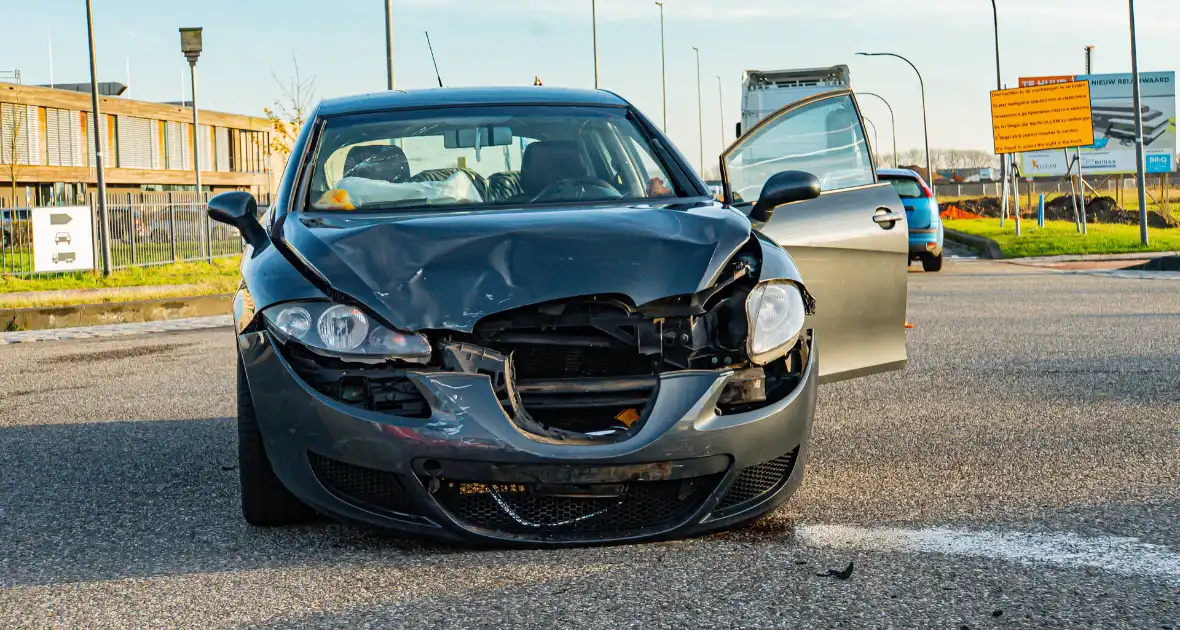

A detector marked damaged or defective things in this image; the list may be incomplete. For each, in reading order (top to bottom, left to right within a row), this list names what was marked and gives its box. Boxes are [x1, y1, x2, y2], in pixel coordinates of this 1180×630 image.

broken headlight [264, 304, 434, 362]
crumpled hood [282, 202, 752, 334]
damaged gray car [213, 85, 912, 548]
broken headlight [752, 282, 808, 366]
broken bumper [242, 334, 824, 544]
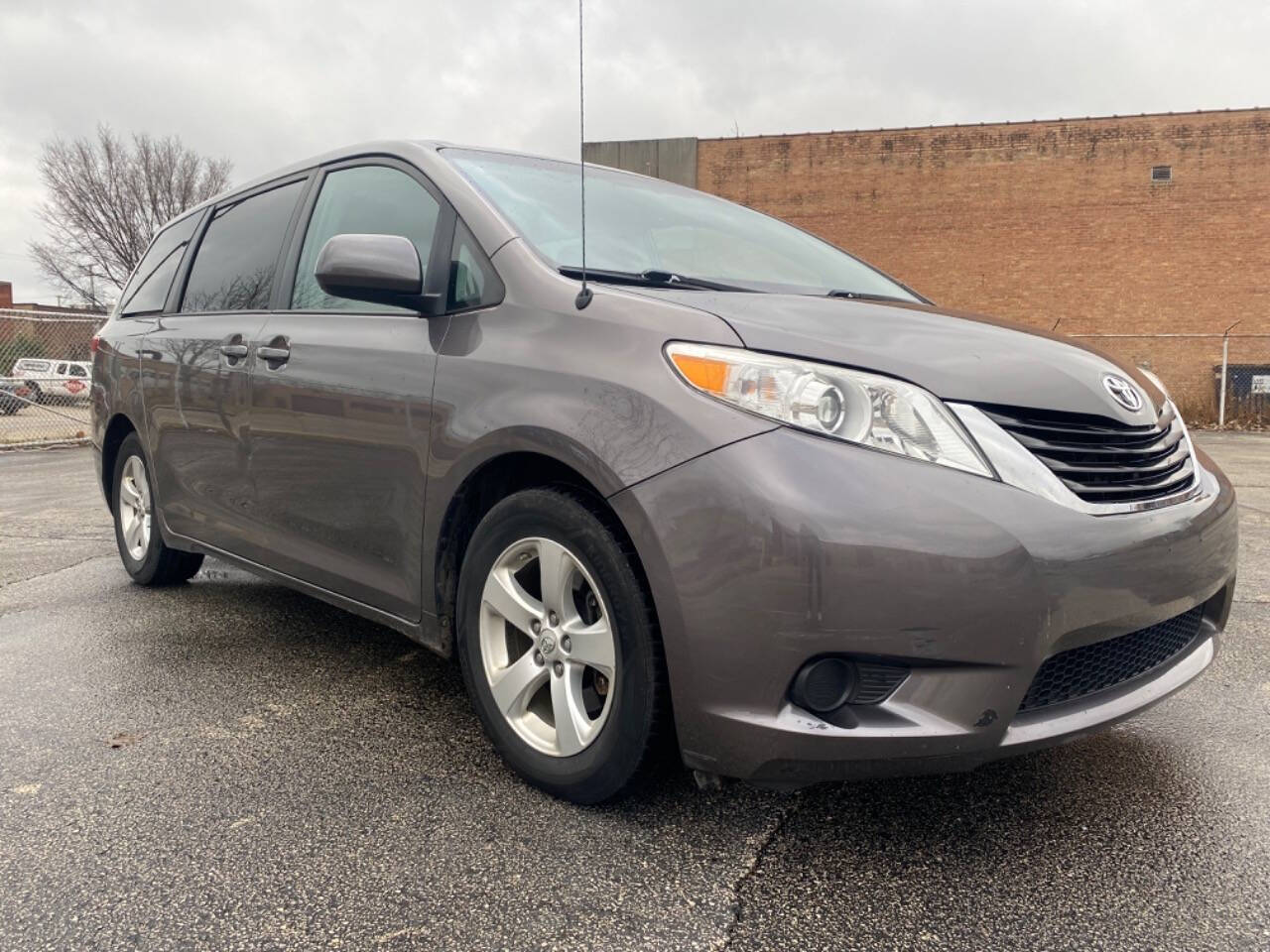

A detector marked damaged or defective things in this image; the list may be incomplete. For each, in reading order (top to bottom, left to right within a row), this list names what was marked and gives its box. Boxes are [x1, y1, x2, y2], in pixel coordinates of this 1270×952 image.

crack in asphalt [715, 791, 802, 949]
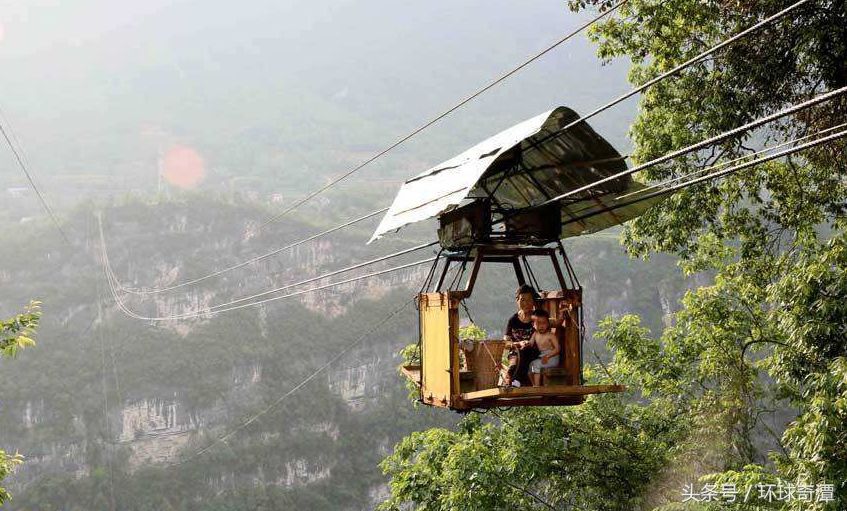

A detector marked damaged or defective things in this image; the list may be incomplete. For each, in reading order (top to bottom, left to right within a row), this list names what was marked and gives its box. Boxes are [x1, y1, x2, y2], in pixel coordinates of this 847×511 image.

rusty cable car [374, 108, 664, 412]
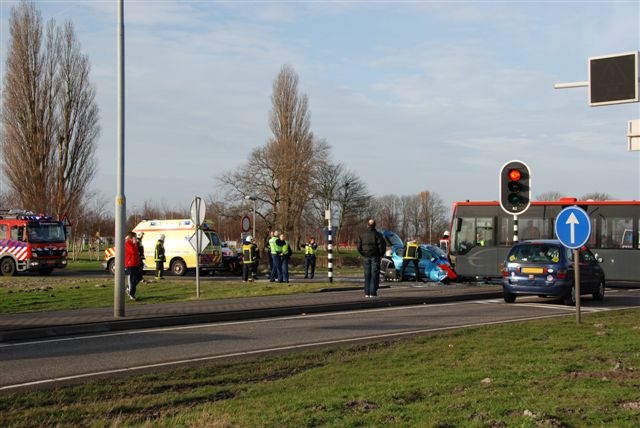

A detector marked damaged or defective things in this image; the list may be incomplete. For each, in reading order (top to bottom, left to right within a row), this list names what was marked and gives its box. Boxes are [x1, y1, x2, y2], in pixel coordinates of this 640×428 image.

crashed car [380, 229, 456, 282]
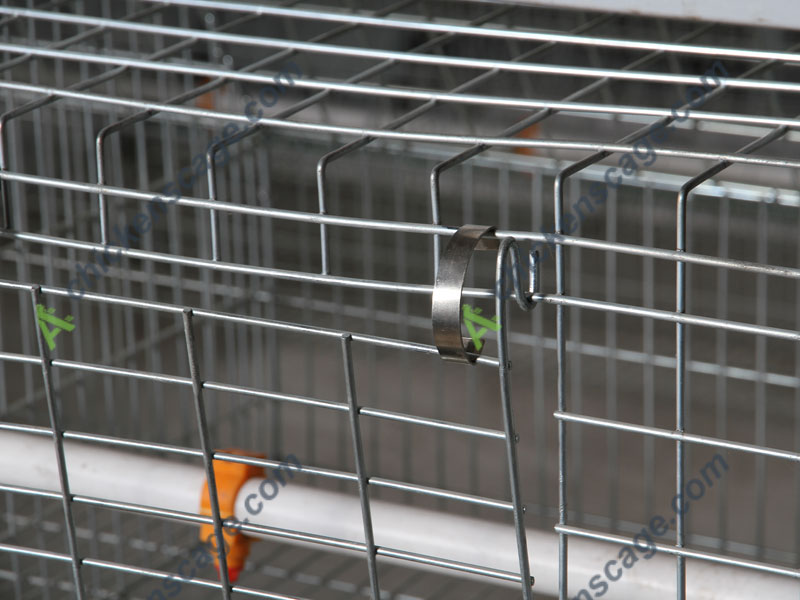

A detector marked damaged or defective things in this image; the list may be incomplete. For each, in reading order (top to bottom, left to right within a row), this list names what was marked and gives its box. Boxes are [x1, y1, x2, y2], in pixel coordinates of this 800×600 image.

bent wire hook [432, 225, 536, 364]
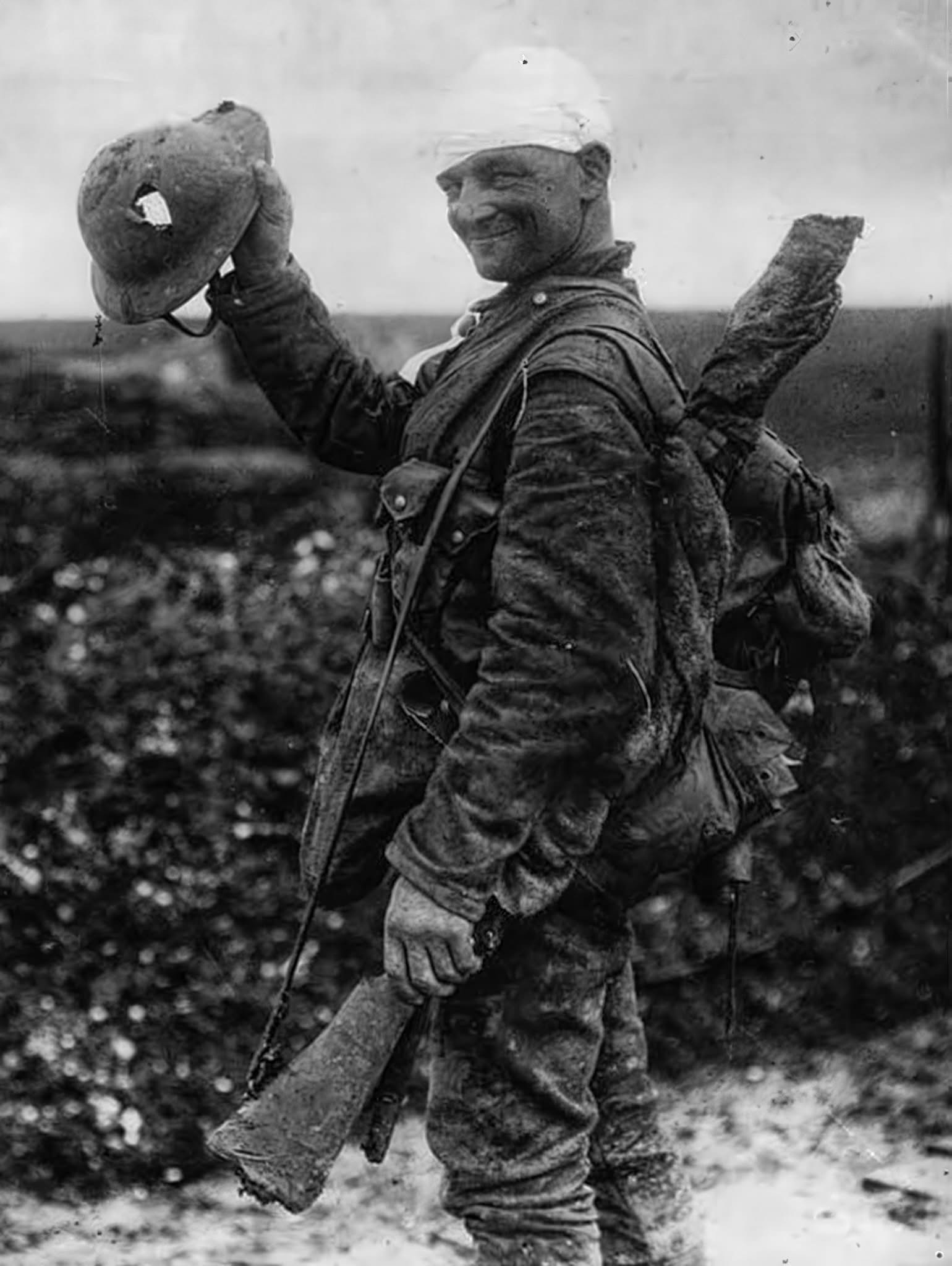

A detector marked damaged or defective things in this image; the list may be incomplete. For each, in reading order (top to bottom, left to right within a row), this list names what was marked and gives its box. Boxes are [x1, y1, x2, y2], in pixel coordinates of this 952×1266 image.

war-damaged helmet [77, 100, 271, 331]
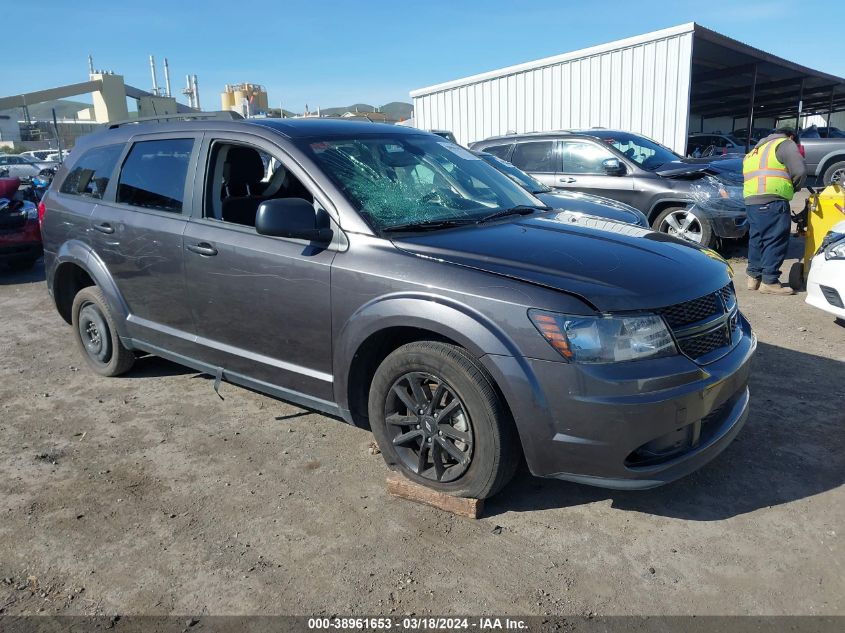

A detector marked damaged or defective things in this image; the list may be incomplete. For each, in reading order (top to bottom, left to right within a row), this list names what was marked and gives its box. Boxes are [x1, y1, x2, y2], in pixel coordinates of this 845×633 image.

shattered windshield [304, 135, 540, 231]
shattered windshield [588, 131, 680, 170]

• ABOUT THIS EXERCISE: Only the lines from the one containing "this 800×600 image." through the last line of the entries belong in the answer, given again exactly. Images stay out.

• WORKED SOLUTION:
A detector marked damaged or defective things in this image; the list may be incomplete. For each, in reading order (top to bottom, left to right within a row), this list names what was marked and gives its box. Boxes are [x1, y1, x2, y2], in pixel coordinates of this 800×600 image.

bent wire hook [432, 225, 536, 364]

A detector marked damaged or defective things in this image; the list may be incomplete. For each, in reading order (top to bottom, left to right within a row), this list names what was marked and gives its box. Boxes are [x1, y1, x2, y2], in pixel coordinates of this 952×1266 image.

war-damaged helmet [77, 100, 271, 331]

A detector marked damaged or defective things in this image; the list may be incomplete. For each, in reading order (top to bottom, left to right within a row), this list names what was marked and gives its box. Boxes are [x1, y1, x2, y2], in pixel coordinates of this 845×633 image.

shattered windshield [304, 135, 540, 231]
shattered windshield [588, 131, 680, 170]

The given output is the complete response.